Graduate Program

Kinesiology and Sports Studies

Degree Name

Master of Science (MS)

Semester of Degree Completion


Thesis Director

Jill D. Owen

Thesis Committee Member

Scott M. Ronspies

Thesis Committee Member

Hasan F. Mavi


A factor of how much physical activity a child gets could be determined by the level of mastery of fundamental movement skills that are needed for the establishment of skills used in many forms of adult physical activity. Children who master a number of fundamental movement skills are more likely to be physically active and they also may be more likely to take part in physical activity when being compared to peers with a lesser level of motor skill proficiency. Children who are considered overweight tend to engage less often in physical activities, which in turn may prevents them from acquiring fundamental movements skills. Therefore, the purpose of this study was to investigate the relationship between Body Mass Index (BMI) and fundamental movement skills in children ages 5 to 7 in a rural school system.
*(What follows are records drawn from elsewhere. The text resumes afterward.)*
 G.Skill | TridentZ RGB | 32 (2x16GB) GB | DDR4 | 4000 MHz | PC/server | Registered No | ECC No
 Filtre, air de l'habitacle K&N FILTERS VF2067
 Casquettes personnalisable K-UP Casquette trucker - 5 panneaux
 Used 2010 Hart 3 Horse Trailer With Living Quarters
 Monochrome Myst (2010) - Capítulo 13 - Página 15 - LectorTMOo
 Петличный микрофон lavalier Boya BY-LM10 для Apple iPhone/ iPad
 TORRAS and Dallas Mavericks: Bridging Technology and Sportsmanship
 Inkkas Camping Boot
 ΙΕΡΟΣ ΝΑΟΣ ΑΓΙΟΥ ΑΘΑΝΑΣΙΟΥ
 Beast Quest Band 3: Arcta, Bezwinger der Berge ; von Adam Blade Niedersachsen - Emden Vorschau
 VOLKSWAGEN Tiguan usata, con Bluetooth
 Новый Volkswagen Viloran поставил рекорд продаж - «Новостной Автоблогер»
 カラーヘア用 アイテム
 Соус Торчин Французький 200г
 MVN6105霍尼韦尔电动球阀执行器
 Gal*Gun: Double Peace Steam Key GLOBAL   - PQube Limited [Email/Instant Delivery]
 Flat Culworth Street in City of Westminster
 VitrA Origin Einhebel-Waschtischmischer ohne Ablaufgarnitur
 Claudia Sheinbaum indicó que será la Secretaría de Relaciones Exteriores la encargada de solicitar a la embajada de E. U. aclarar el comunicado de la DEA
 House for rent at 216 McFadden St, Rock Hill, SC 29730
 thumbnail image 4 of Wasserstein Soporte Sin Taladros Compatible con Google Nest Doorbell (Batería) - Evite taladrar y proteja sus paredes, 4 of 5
The following two research questions were formulated: Does the performance of locomotor and manipulative fundamental movement skills differ by gender among kindergartner and first grade students? Does the performance of locomotor and manipulative fundamental movement skills differ by BMI levels among kindergartner and first grade students? The results indicated that there was a significant difference for gender in the performance of manipulative skills. Males (M=12.38, SE=.701) outperformed females (M=9.14, SE=.627) in manipulative skills. On the other hand, the second hypothesis was not supported. There was no significant difference between children of "normal weight" and those who are "overweight" or "obese" when it comes to performance of fundamental movement skills. Overall, of the 39 students included in this study that were grouped according to gender, there was no significant difference when comparing BMI and fundamental movement skills among boys and girls alike. On the other hand, there was a statistical significance when comparing gender and fundamental movement skills. This research is important for physical educators, parents, teachers, and coaches in order to have a better understanding of a potential relationship between fundamental movement skill development and BMI levels as well as gender differences in the performance of locomotor and manipulative motor skills among early elementary age children.